Alison Yager, a supervising attorney with the HIV Law Project in New York, told EDGE that HIV exposure laws not only "abandon basic human rights, perpetuate stigma and discrimination and undermine public health goals, but in some cases, like those laws that criminalize spitting by an HIV-positive person, they ignore the science of HIV transmission."

"By scaring people away from testing we're thwarting one essential piece of our prevention efforts," she added.

Research backs Yager's assertion.

A 2005 study found that those who are aware of their HIV status are 68 percent less likely to engage in unprotected intercourse and other high-risk sexual activity with HIV-negative individuals.

Yager and other advocates' criticism of laws criminalizing HIV exposure are also in line with the National HIV/AIDS Strategy that the White House's Office of National AIDS Policy released last year. The report maintains that intentional HIV transmission is "atypical and uncommon" and that exposure laws do not affect the behavior of people living with the virus in the states where such laws are on the books. The strategy widely references the CDC's research on HIV/AIDS.

"In many instances, the continued existence and enforcement of these types of laws run counter to scientific evidence about routes of HIV transmission and may undermine the public health goals of promoting HIV screening and treatment," reads the report. "State legislatures should consider reviewing HIV-specific criminal statutes to ensure that they are consistent with current knowledge of HIV transmission and support public health approaches to preventing and treating HIV."
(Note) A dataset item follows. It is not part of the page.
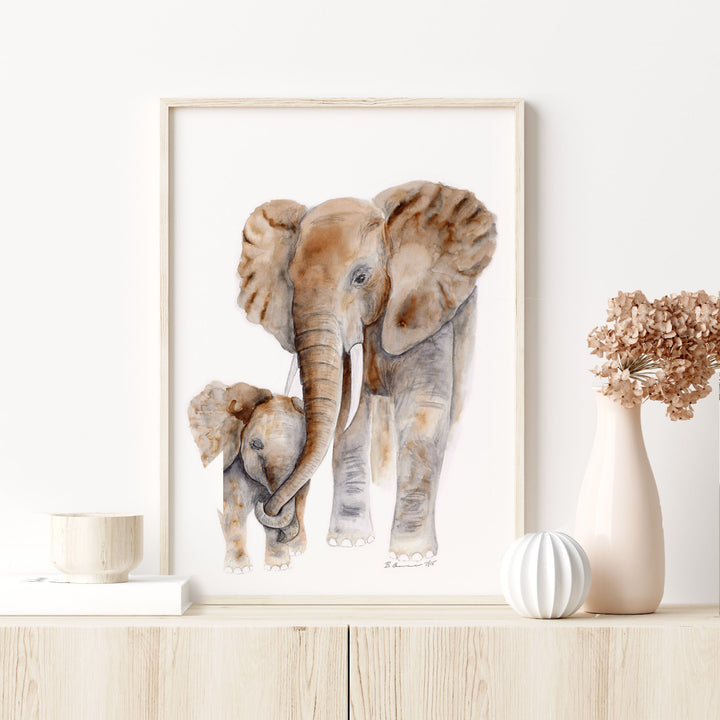 mom and baby elephant safari nursery print watercolor baby room art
The National Alliance of State and Territorial AIDS Directors also spoke out strongly against HIV-exposure laws last month. NASTAD described Missouri's statutes and those in other states as "undercut[ting] our most basis HIV prevention and sexual health messages, and breed[ing] ignorance, fear and discrimination against people living with HIV."

In order to defeat the laws as they currently stand; Terrance Moore, associate director of racial and ethnic health disparities for NASTAD, and other HIV/AIDS activists are calling for increased public health leadership against their continued proliferation.

"I think we're seeing quite a bit of a groundswell of advocacy on this issue recently," he said. "We need to examine this issue in how it not only impacts public health while also paying attention to draconian policies within the public health sectors that are also not helpful. There's a variety of ways we can chip away at this."

Michael Ruppal, executive director of the Tampa, Fla.-based AIDS Institute, added further leadership is needed to ensure public awareness over the harm HIV criminalization laws cause."Our direction isn't to dictate in 50 states how they should be governed, but to look instead at the intent of the law when it was created and see how the prosecutions are following that intent," he said."There has to be an acknowledgment [by HIV/AIDS activists] that these laws are actually hurting people. The more we're able to share this information and identify the abuses of these laws, the easier it will be to start to get them off the books."

Yager also sees the power in increased public knowledge of these laws-even in today's political climate.

"As it becomes more evident that [the laws are] not serving their intended goals, it will become more difficult for legislators to defend and rationalize them," she added.